Some of them could include:
- starting a new hobby or reconnecting with one that used to make you happy
- setting your professional goals and making 90-day plans that include specific tasks that will help you achieve them
- reading a new book about personal growth, fiction, or career development
- starting a blog, vlog, or personal journal
- dancing, singing, or listening to your favorite beats
- starting a new exercise routine
- learning to cook
- planning an event for the family
- volunteering your time for a cause you’re passionate about
Doing things you’re good at, says Zuckerman, could also help you increase your sense of well-being.
4. Practicing self-care will help
Respecting yourself means taking care of yourself mentally, emotionally, socially, and physically.
Self-care activities can include:
- relaxation techniques to manage anxiety and stress
- spending time in nature
- connecting with your favorite people, even if virtually
- revising your diet to make it fit your health needs
- taking pauses to reset, rest, and recharge
5. Identify and nurture your needs
If self-respect is about taking care of yourself, it’s important that you identify what “care” means for you. What are your needs? What would make you feel fulfilled and satisfied?
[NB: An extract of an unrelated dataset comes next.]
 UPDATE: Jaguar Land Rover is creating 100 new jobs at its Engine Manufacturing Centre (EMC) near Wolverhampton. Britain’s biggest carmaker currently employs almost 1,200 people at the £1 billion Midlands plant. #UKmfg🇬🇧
“Check in with your needs on a daily basis, and instead of shaming yourself for having needs, nurture your needs,” Robin suggests.
It’s natural to feel apprehensive about spending too much time on yourself, especially if your responsibilities include taking care of others. But attending to your needs is essential to your well-being and can even prepare you to take better care of others if that’s a priority for you.
Self-esteem is about how much you love yourself. Self-respect is how you show that love to yourself. Usually, having strong self-esteem will motivate you to respect yourself more.
But self-esteem also tends to depend on your interactions with the world.
“Self-respect is not contingent on success or performance,” says Zuckerman. “It is more of an accepted, unchanging view of ourselves and our worth. Self-esteem, however, is based on our abilities and how well we think we can handle ourselves in a given situation.”
Respect is about value and acceptance, and esteem is about evaluation (of skills and abilities).
Self-respect is understanding and honoring your own needs. It’s knowing your worth and acting accordingly.
If you feel you can work more on your self-respect, consider identifying your values, setting boundaries, and nurturing your needs through self-care.